1 Aldi Brioche Burger Bun

A Couple of Leaves of Baby Gem Lettuce

Red Onion Sliced into Rounds

Sliced Tomato

8 Bacon Medallions

4 Reduced Fat Cheese Slices

For the Butternut Squash Fries:

2 Large Butternut Squash Peeled & Diced into Chip Shapes

A Handful of Fresh Rosemary Leaves Chopped  

For the Coleslaw:

Grated Carrot (1 medium)

Grated White Cabbage (about ¼ or so)

49g Half Fat Crème Fraiche

Salt & Black Pepper  

Grate the Carrot & White Cabbage in a food processer using the grating attachment. Place in a bowl with the crème fraiche & season with salt & black pepper. Cover with cling film & refrigerate until needed. Mix all the Taco Sauce ingredients well in a bowl until fully combined, cover with cling film & refrigerate until needed. Meanwhile combine all the burger ingredients together well in a bowl, try not to compact the meat too much with your hands, lightly mix it to avoid dense burgers. Divide the mixture into 8 meatballs & flatten them down to form 8 thin burger patties (these are thinner than my usual burgers but you get 2 so it’s essentially the same amount of meat in the end). Some of the diced onion might not make it into the patties & get left in the bowl this is fine the onion is for flavour & also to bulk the burgers out so don’t worry too much about leftovers as long as all the meat is used. These can be made in advance & covered & refrigerated until needed if necessary. Preheat your oven to 200c.
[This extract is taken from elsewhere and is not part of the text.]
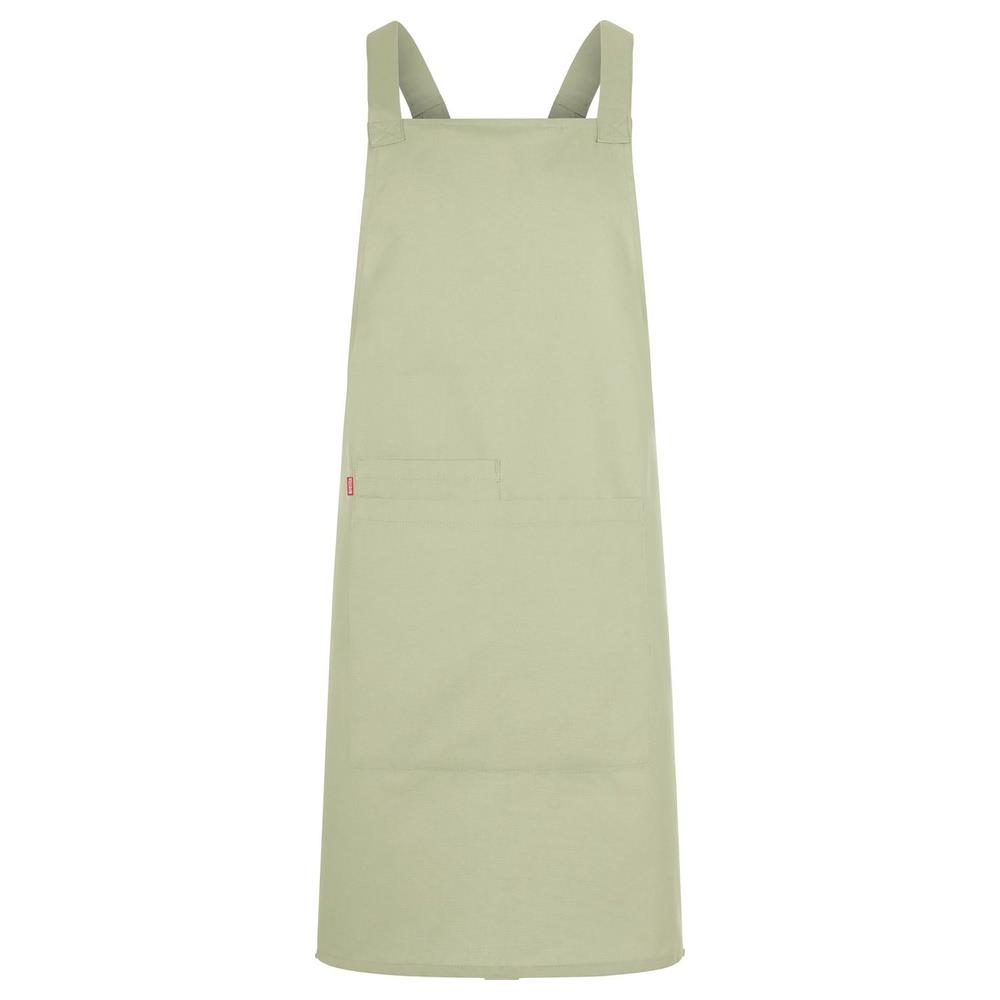 grembiule velilla con pettorina in cotone organi cod 404214 pistacchio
Blot the Butternut Squash Fries with Kitchen roll to remove any additional moisture & Place them in a single layer on a baking tray lined with baking paper & sprayed with oil. Spray the chips with oil & season with salt & black pepper & scatter with the chopped Rosemary Leaves. Bake for 15 minutes, take out of the oven for 15 minutes & place back into the preheated oven for a further 15 to 20 minutes. Fry the red onion rounds & bacon in a hot pan sprayed with oil for approximately 5 or 6 minutes or until cooked through. Remove from the pan & keep warm. Fry the Burgers in the hot pan sprayed with oil for approximately 3 minutes each side or until fully cooked through & browning. Assemble the 4 burgers by laying the lettuce, tomato & red onion on your bun, lay a burger on top & a cheese slice & bacon medallion on top of each burger. Repeat this layer topping with the taco sauce instead of a second cheese slice. Top with the bun lids & serve with the butternut squash fries & the coleslaw & Enjoy!
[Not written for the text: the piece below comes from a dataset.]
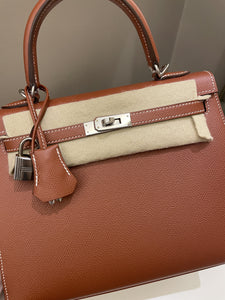 Hermes Kelly Sellier 25 Sienne Epsom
Gloriously Tacky Taco Fries for a Saturday Night

What more can I say! Sometimes you just crave tacky junk food akin to the type you might buy out of the side of a chipper van at 3am after a few shandys, a guilty little treat. Well these have all the flavour factor & absolutely none of the guilt! This is a Slimming World recipe but it comes in at a mere 11pp or 4pp on F&H a fraction of the damage the real deal might inflict but the exact same taste. Serves 4 Hungry People.  800g Potatoes Chipped

160g Grated Reduced Fat Cheddar Cheese 

A 450g Pack of 5% Fat Steak Mince

1 Red Onion Diced

1 Red Pepper Diced

1 Tin of Plum Tomatoes

1 Tbsp Worcestershire Sauce

1 Beef Stock Cube 

1 tsp Paprika 

1/2 tsp Cumin

1/2 tsp Chilli Powder 

1/2 tsp Garlic Powder 

1/2 tsp Salt

1/2 tsp Cayenne Pepper 

1 tsp Dried Oregano 

1/2 tsp Sweetener 
For the Taco Sauce:

3 tbsp Lighter than Light Mayo

3 tbsp Fat Free Natural Yoghurt 

2 tbsp Tomato Ketchup 

1 Clove Garlic Crushed 

1/2 tsp Cayenne Pepper 

3 tbsp Water
Place the chipped Potatoes on a plate & microwave for 3 minutes. Spray with oil & place in a preheated oven at 200c for 25 to 30 minutes or until browned & cooked through. Meanwhile fry the Onion & Red Pepper in a lightly sprayed pot for a few minutes to soften. Add the mince & cook until brown. Add in all the herbs & spices & stir through. Crumble over the stock cube & add the Worcestershire Sauce. Throw in the tinned Tomatoes & chop them through with a sharp knife. Simmer on a low heat for at least 20 minutes (I simmered mine for an hour as it just improves with time) I threw in some chopped fresh Coriander at the end before serving to try & add some sophistication to this culinary masterpiece but let’s face it this is pure take out food so leave it out if you have none knocking around. Mix all the Taco Sauce ingredients together well until smooth. Assemble your chips, top with mince, sauce & cheese & Enjoy because this is pure unadulterated gorgeousness on a plate!